之后,那奇异的光彩便飞速消逝、衰微,融入了天空的晴蓝之中。
不见了。
“你觉得漂亮吗?”亮光消失后,许弥香怔怔问。
我只是点点头。
“这是我最宝贵的东西,”少女盯着河的尽头说,“我六岁生日那天,我母亲将它送给了我。”
我握住她长袖里的手,手掌冷冰冰的。
“很好的礼物。”我说。
“是很好。”许弥香将脑袋搭在我的肩上。“现在我把它送给了你。”
我搂着少女,在心里感谢她的慷慨。
这时,一只白鹭掠过河面。
“有一个问题你还没回答我。
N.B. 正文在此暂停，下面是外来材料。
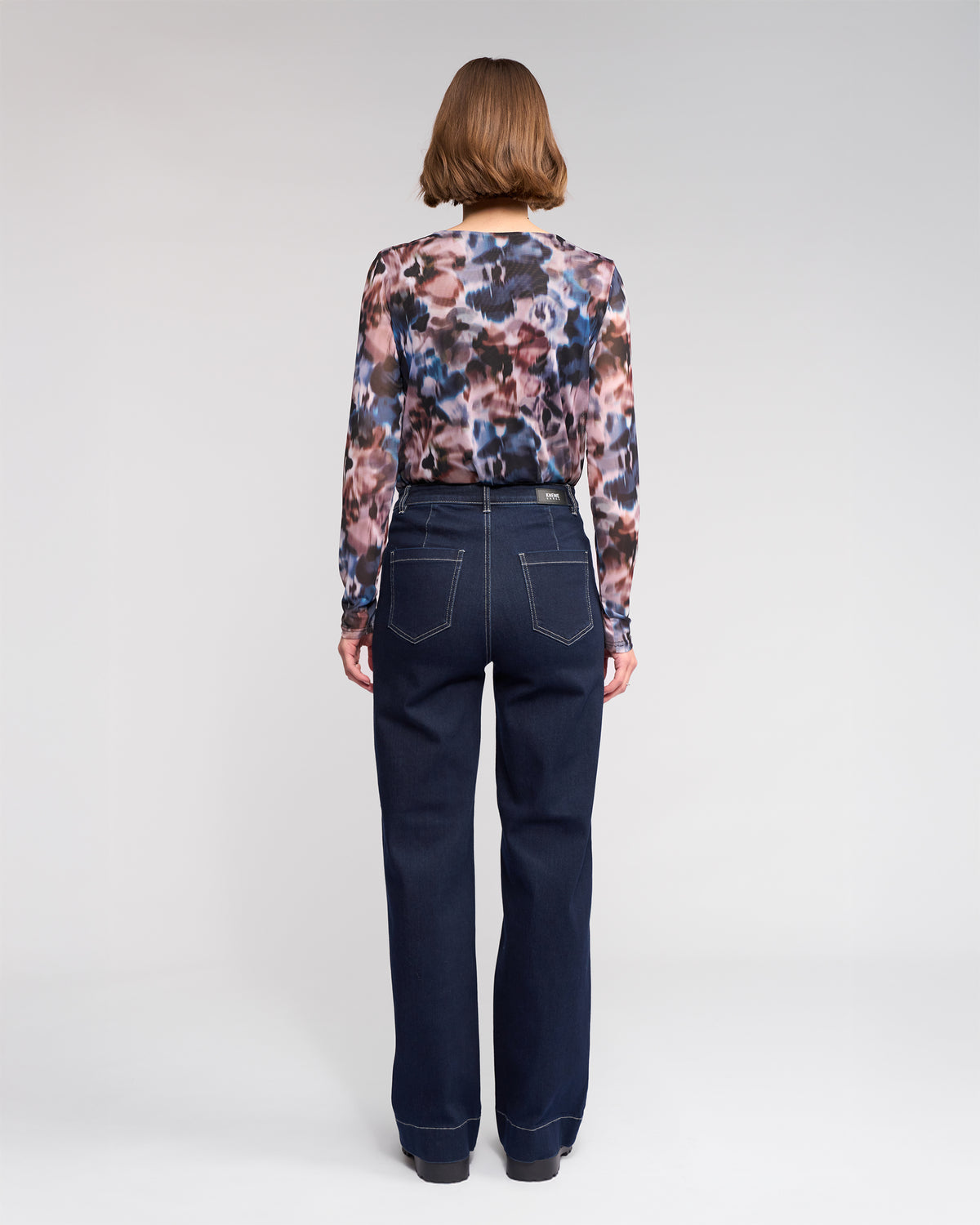 A person with short brown hair, seen from the back, wears a long-sleeve multicolored patterned blouse and high-waisted dark blue jeans with white stitching, standing against a plain light background.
”长长沉默后,我开口。
“什么问题?”
“你爱我吗?”
......
***
中午,我还是参加了叔叔的葬礼,为他送行。
我和许弥香牵着手,站在水坝上。
现在,我们能并肩站在阳光下了。
天空浸着悲伤的蓝彩。
长长的送葬队伍经过水坝,护送着叔叔的骨灰去荒山墓地埋葬。
白幡在微风中拂动。
谁也没有看我们一眼,包括我的父母。
气氛像是冻得硬邦邦的脂肪。
我明白,他们是不会原谅我的,永远不会。
接近死亡的人,势必会被死亡所诅咒,这也是理所当然的。
爱上死少女是有代价的。
但即使如此,我也仍义无反顾。
否则,我就是伪君子。
我目送着队伍远去,紧了紧右手,那只娇小的手掌仍是冰凉的。